Incredibly, in that first year, we had 30,000 users, which allowed me to bootstrap a company around Eureqa that was eventually acquired by DataRobot six years later.
As Relevant as Ever
In the years since the Science publication, Eureqa has been mentioned or cited in almost 3,000 academic studies.
And recently, there’s been a surge in Eureqa-inspired academic research into evolutionary algorithms that compete with Eureqa (which, I have to add, still performs extremely well).
The reasons behind this interest might be society’s need to continue scaling our ability to explain complex systems. World events have emerged to create a perfect inflection point for genetic algorithms and global-scale problem solving. Certainly, they perform well solving hard optimization problems with limited info or in rapidly changing environments – like, say, a global pandemic.
COVID and the sudden changes in behavior it prompted has broken many models that were trained pre-pandemic. Retraining models to mitigate this is difficult because even after almost two years, there’s not a lot of training data available. And so, compared to machine learning and deep learning models that need months of training, Eureqa’s principle of finding the simplest model to explain a phenomena makes it more robust to things like overfitting and noise. It’s also able to use smaller datasets more effectively, which is great for when you have less history or scenarios in which things are changing quickly.
What Algorithm Development Can Teach Us About Ourselves
My experience taking Eureqa from my dorm room to the lab, into corporate America and beyond, revealed a lot to me about what you might call the “soft” skills needed to build a useful algorithm. Curiosity and the ability to get excited about its potential impact are essential complements to sound development fundamentals and a good math foundation. Coming up with ideas, testing them systematically and brainstorming new approaches is extremely creative work.

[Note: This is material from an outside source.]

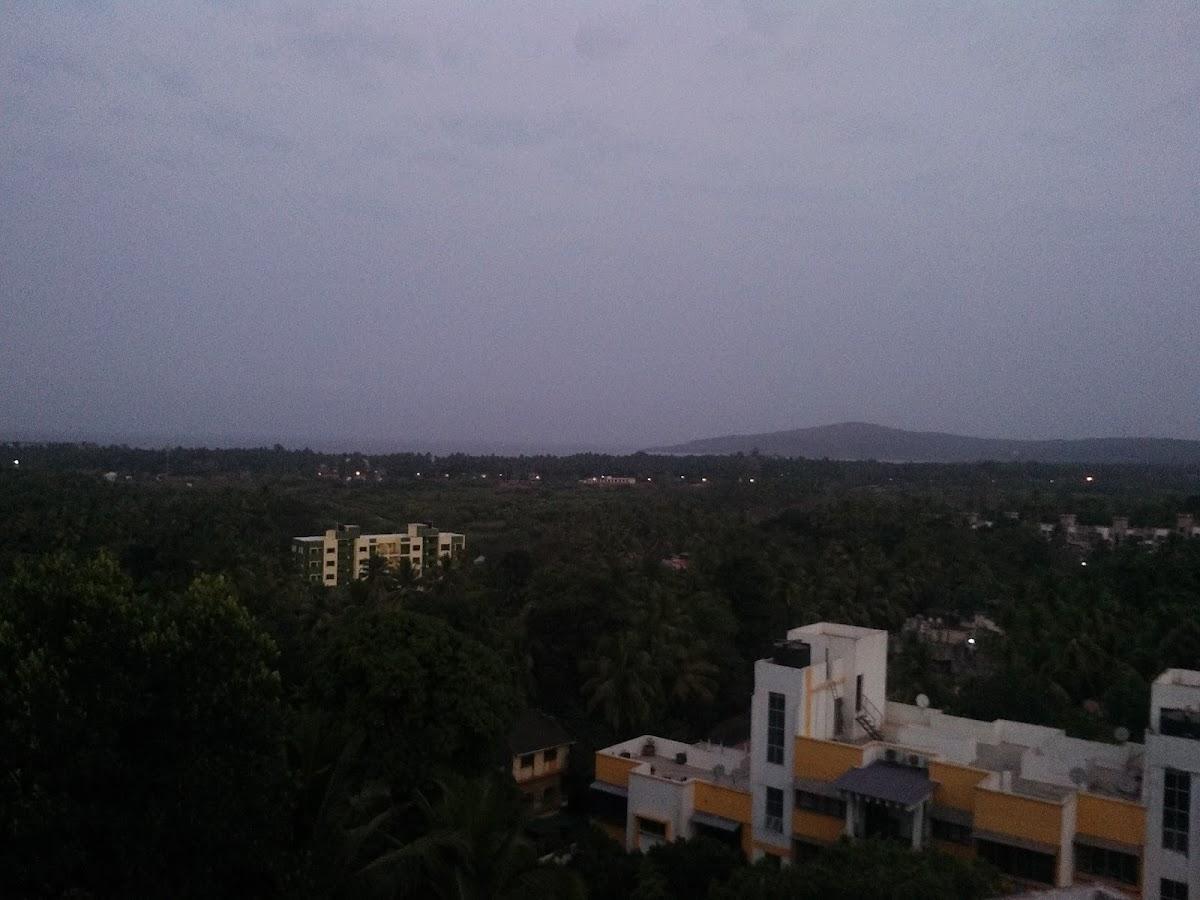 Vedant vihar, partavane,ratnagiri – photo 4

At a deeper level, I’ve worked on Eureqa for so long and become so familiar with it that there are analogies with close personal relationships and all the frustration they can sometimes throw up. You can spend a lot of time building and nurturing an algorithm. But the crazy thing about developing new genetic algorithms is that you give them an objective function (e.g., the highest accuracy with the lowest complexity), and they’ll find the most creative ways of doing that. You let them loose and they achieve their goal, but in exactly the opposite way that you hoped they would. A lot of experimentation goes into defining the right rewards and operations within these algorithms to encode what it is that you really want, like now encoded in Eureqa.
It’s a constant fight to adequately communicate your goals to the algorithm, which I think forces us to also confront how the way we articulate our requirements – to both machines and people – is often loaded with assumptions about context.
For me, that was an illuminating experience, and it’s one that’s inherent to most machine learning endeavors. You’re going to learn a lot about what your objectives really are when developing and refining algorithms. I know I did.